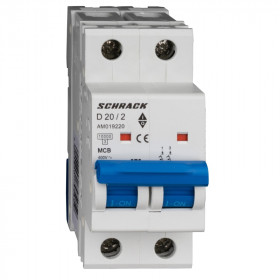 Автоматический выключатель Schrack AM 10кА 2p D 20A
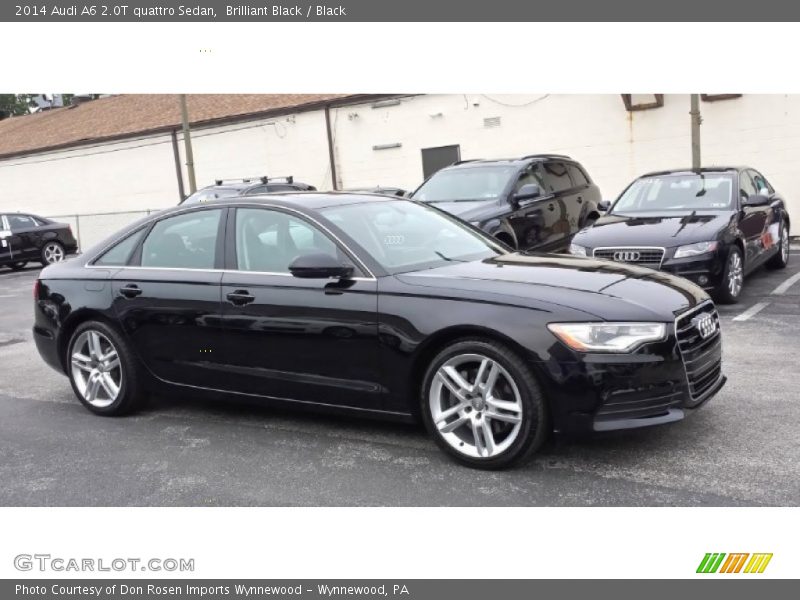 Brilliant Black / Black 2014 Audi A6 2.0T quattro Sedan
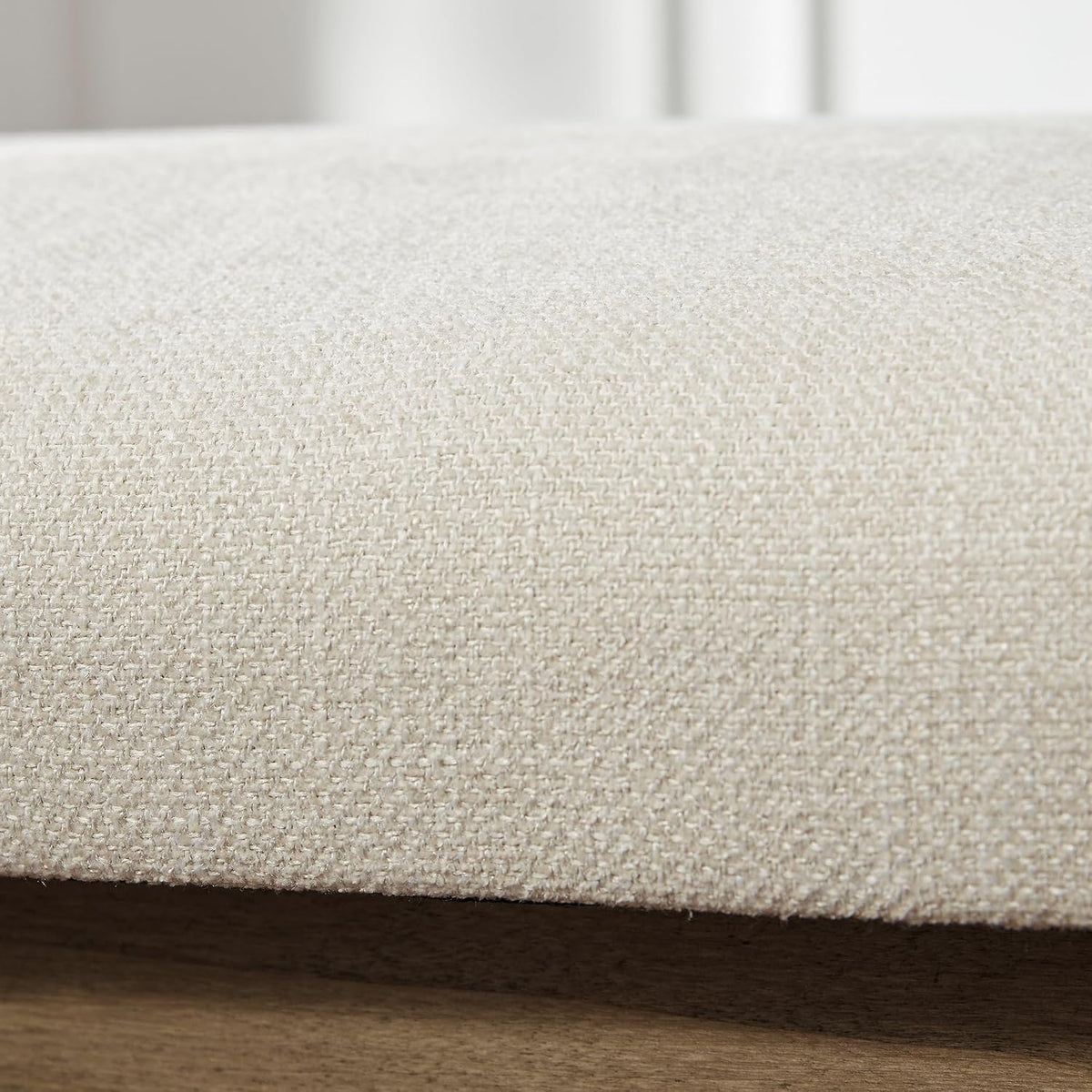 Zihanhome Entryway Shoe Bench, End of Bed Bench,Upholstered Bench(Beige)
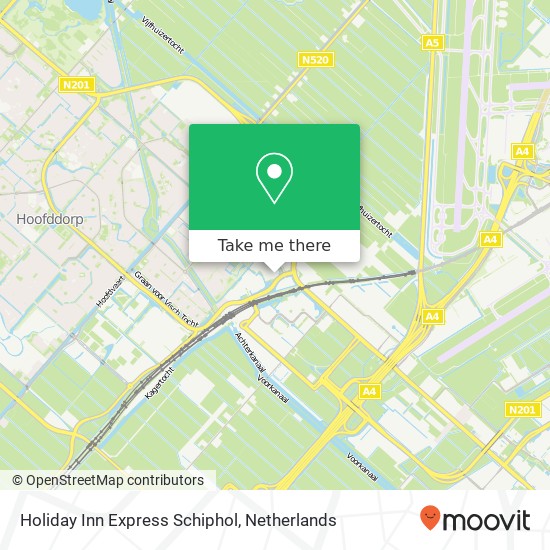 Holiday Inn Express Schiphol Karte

Goal of the exercise:
The expected answer is the full listing above, transcribed exactly and without pictures.

Exercise answer:
 Автоматический выключатель Schrack AM 10кА 2p D 20A
 Brilliant Black / Black 2014 Audi A6 2.0T quattro Sedan
 Zihanhome Entryway Shoe Bench, End of Bed Bench,Upholstered Bench(Beige)
 Holiday Inn Express Schiphol Karte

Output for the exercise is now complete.